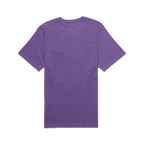 Do Good T-Shirt - Men's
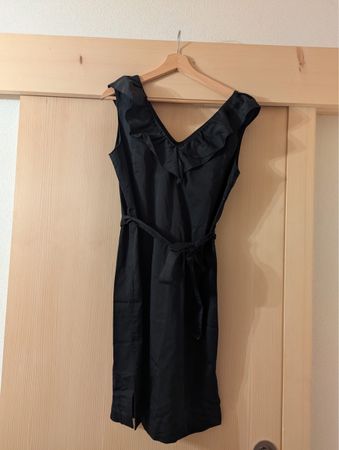 Magnifique robe T42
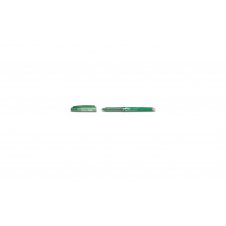 Pilot BL-FRP5 Bol?grafo cil?ndrico Verde 1 pieza(s)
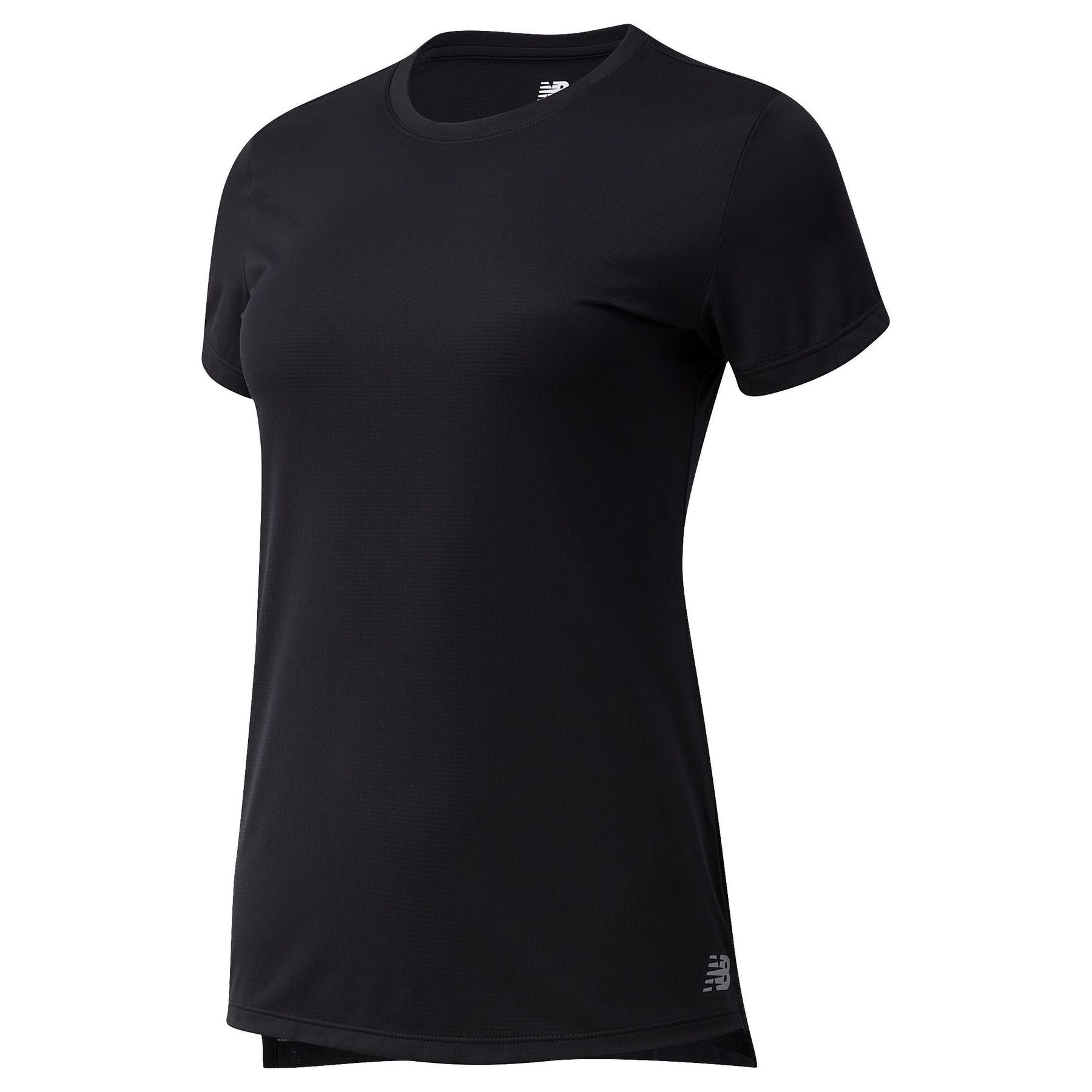 product/n/e/new-balance-running_wt11205-bk_0.jpg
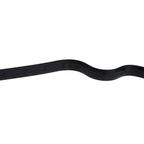 Valve Cover Gasket 1G962-14522 for Kubota Engine D902 DF972 DG972 WG972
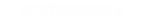 Achtsam Leben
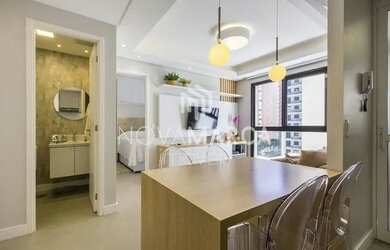 Imagem 7: PORTO ALEGRE - Padrão - Jardim Carvalho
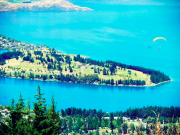 Queenstown in Video Screen Shot 2013-03-18 at 16.19.57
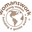 Womanswork Icon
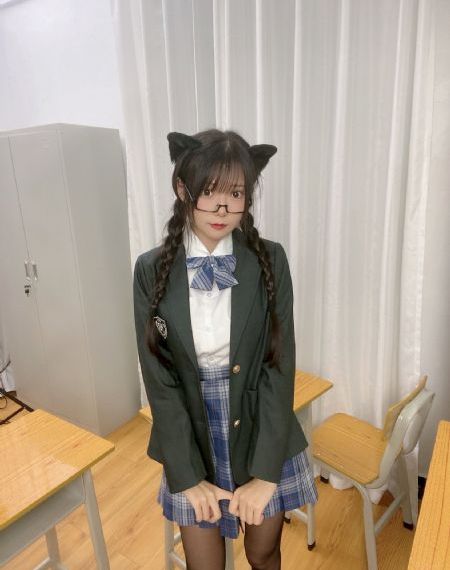国产性交a片_1080免费观看超清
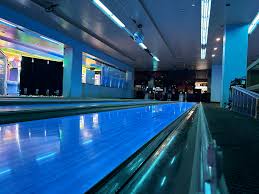 Image result for Nercwys Bowling Club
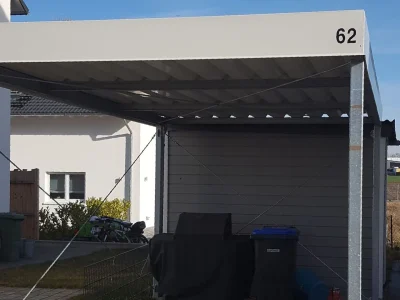 Carport-3-f4a1d847-2000w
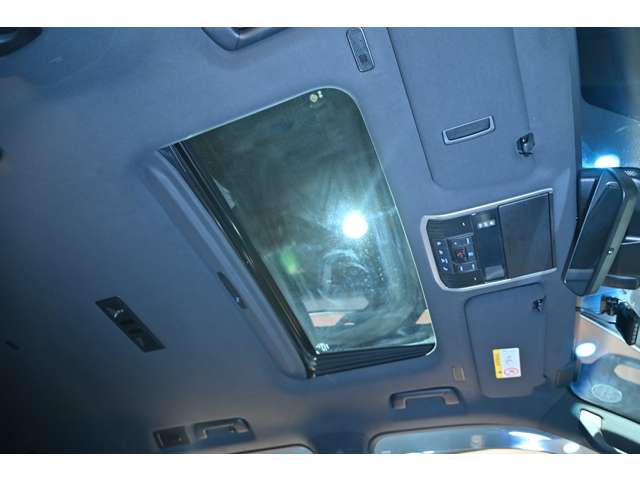 トヨタ ランドクルーザー ３．３ ＺＸ ディーゼルターボ ４ＷＤ R5年 (関東) 99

******************************

> Task requirements:
The listing above needs to be output again exactly. Don't include the pictures.

> Output below:
 Do Good T-Shirt - Men's
 Magnifique robe T42
 Pilot BL-FRP5 Bol?grafo cil?ndrico Verde 1 pieza(s)
 product/n/e/new-balance-running_wt11205-bk_0.jpg
 Valve Cover Gasket 1G962-14522 for Kubota Engine D902 DF972 DG972 WG972
 Achtsam Leben
 Imagem 7: PORTO ALEGRE - Padrão - Jardim Carvalho
 Queenstown in Video Screen Shot 2013-03-18 at 16.19.57
 Womanswork Icon
国产性交a片_1080免费观看超清
 Image result for Nercwys Bowling Club
 Carport-3-f4a1d847-2000w
 トヨタ ランドクルーザー ３．３ ＺＸ ディーゼルターボ ４ＷＤ R5年 (関東) 99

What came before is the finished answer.